At this time, we recommend ONLY running Oasis Mission Control with v20.12.3.
Current Status - 16 November 2020 - Code Released for Use
You can find -
1 - Dashboard details, screenshots and alerts list here.
2 - Code and installation instructions here.
Have feedback or questions? Open an issue in this repo, thanks!
Problem
The Oasis protocol requires validators to secure the network. These validators need to meet strict and demanding availability and security requirements. Monitoring and alerting tools are needed to ensure these validators are operating as expected. Using these tools helps validator operators provide the availability and security required and demanded by the network and its users.
Establishing these tools as a helpful and necessary infrastructure component before mainnet launch establishes good practices among validators. Doing so now makes it more likely these tools get implemented, before the additional demands and distractions of a live production network consume an increasing amount of validator time and attention.

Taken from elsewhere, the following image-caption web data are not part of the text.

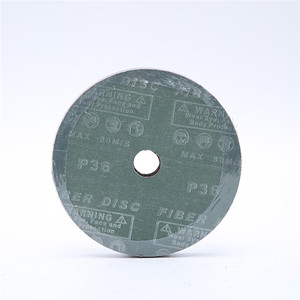 Disque à tronçonner en fibre <span class=keywords><strong>REX</strong></span> de haute qualité 4 pouces 100 mm - Outils abrasifs en gros OBM/OEM pour métal, bois, oxyde d'aluminium - Product Image 4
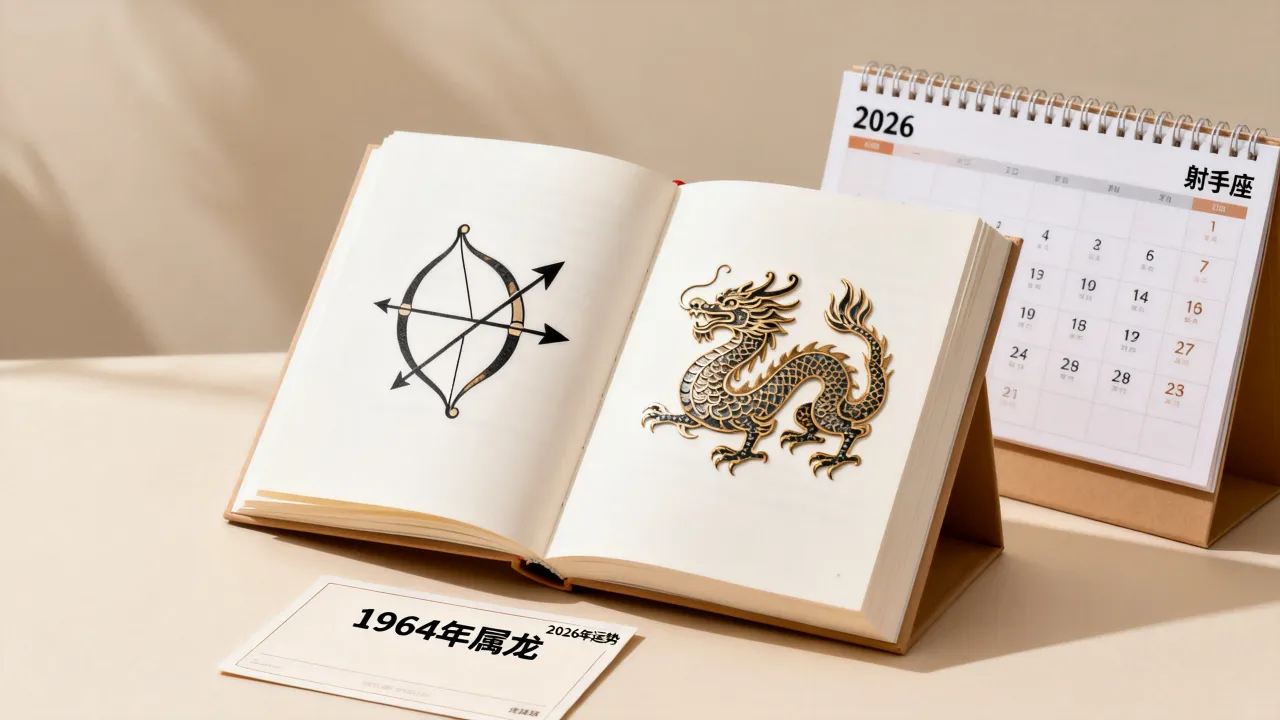 1964年属龙射手座2026年运势如何，2026年运势怎么样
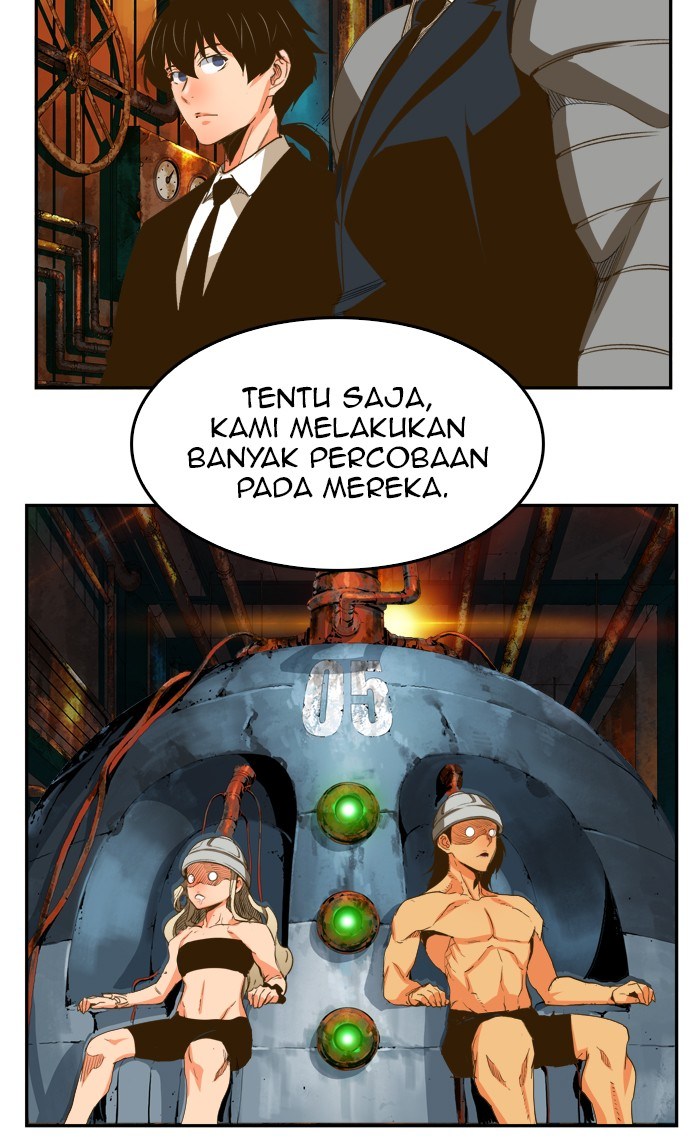 The God of High School Chapter 390 Bahasa Indonesia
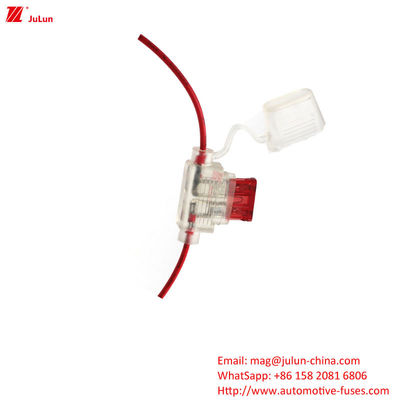 Eu UL Standard Fuse Holder / Box External Size Circuit Breaker Plastic / Nylon Housing Rated Current Voltage 25A-80A 32V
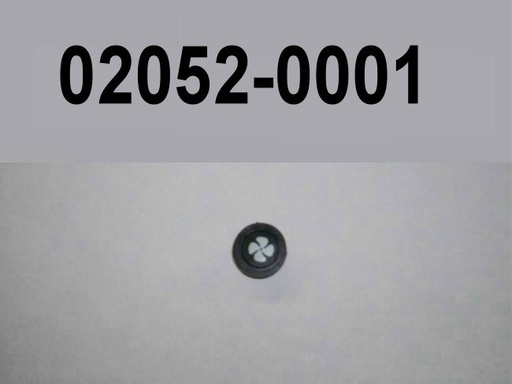 [Knob, Fan   ( 02060-0028 )] 02060-0028-1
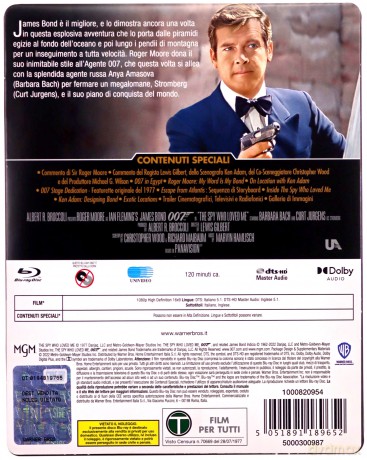 007 Jame Bond Szpieg, który mnie kochał [Blu-Ray]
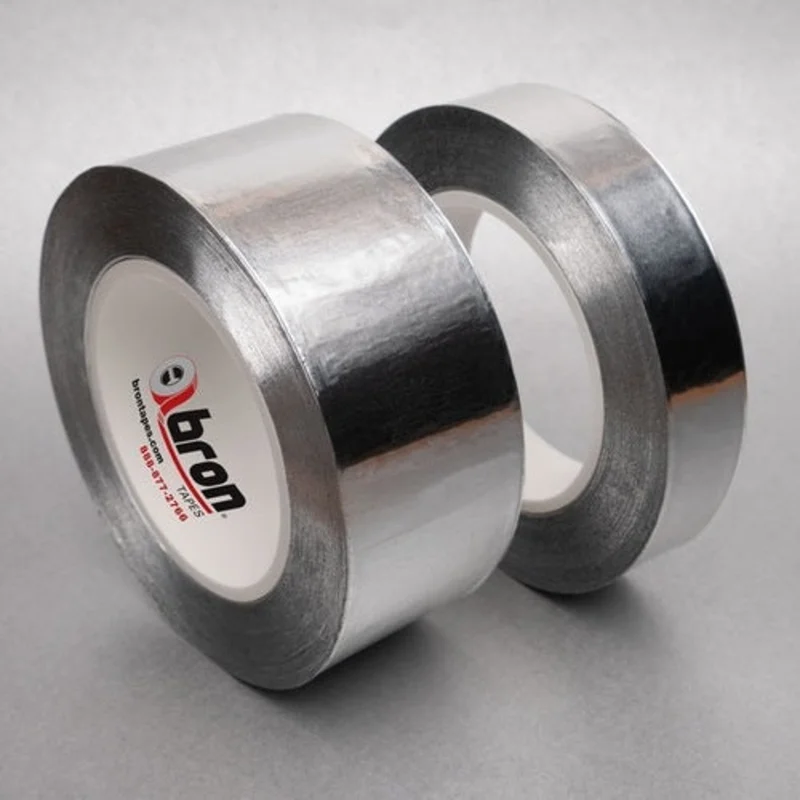 Bron BT-67SW Performance Grade Aluminum Foil Tape - 2inx 60yd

Open source monitoring and alerting tools offer a partial solution. Yet these tools need customization to monitor and alert on key validator functions. Developing these tools often takes a back seat to "fire-fighting" activities. These activities ofen hijack a validator operator's daily operations. As such, these tools become seen as a "luxury" to "get to later", and as such don't get developed or implemented. Furthermore, smaller validator operators, key to stake decentralization, may not have the resources required to develop such tools.
Solution
This project will use open source tools as its foundation. We will customize the tools, building the necessary plugins, etc., to provide a more comprehensive, Oasis-validator-specific monitoring and alerting toolset. We will provide the source code and documentation necessary for validators to implement the solution for themselves.
This will save them considerable time, attention and effort, making it much more likely they will establish this important piece of a highly available and secure validator operation. As a result, the Oasis network will benefit from a set of more reliable and secure validators, who are able to prevent and address infrastructure issues, before they become major issues.
This should free operator time and attention to put toward other value-added ecosystem activities, e.g. thoughtfully participating in network governance.
We're building this for the Oasis Community. While the Oasis validators may seem like the most obvious beneficiaries, the broader Oasis community will also benefit from a more secure network, more diverse set of validators and greater validator governance participation.
There will be a number of checkpoints along the way to collect community feedback. We look forward to the community's feedback, to help align what's built to the specific needs of the Oasis community.